How to formalize a variable-binding operator, such like $\frac{d}{dx}f(x)$? For instance, I think we should treat $\frac{d}{dx}$ as a higher-order function of $x$, returning a function that takes it argument(usually an expression of its letter be mentioned, say $x$, e.g. $x^2+1$) to its corresponding expression(e.g. $2x$). Few examples are:
$(\frac{d}{dx})(3x^2+4x)=6x+4$
$(\frac{d}{dz})(3z^2+4z)=6z+4$
$(D_y)\cos y=-\sin y$ ($D_y$ is equivalent to $\frac{d}{dy}$)
Mathematicians, or logicians, often say that $\frac{d}{dx}$ is a so-called variable-binding operator, which means the letter(i.e. variable) specified in the $d(\cdot)$ is just a independent, place-holder variable, being bound by the symbol, and does not be affected by the stand-in variables outside. So one is allowable to write an expression like defining $f(x)=\frac{d}{dx}(x^2)$, and get $f(10)=(2x)|_{x=10}=20$, not $f(10)=\frac{d}{d10}(10^2)$. The latter is non-sense.
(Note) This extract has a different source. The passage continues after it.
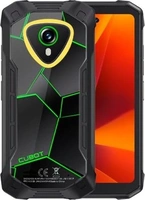 Cubot KingKong Mini 4 256GB czarny/zielony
In a normal way undergraduate students learn about a function definition, there is no such way to make a variable-binding mechanism in the plain function definition(via n-ary relation). There is no place for us to say(specify) in the definition of a function that the function should hold its arguments being unevaluated and independent!
The another related operator is $\sum$, such like $\displaystyle\sum_{i=1}^{10}i^2$, is also have the function(no pun intended) of binding variable.
So, my question is, how to formalize such things? Is it possible? Is it been discussed by logicians yet? It there a standard way that is accepted by people?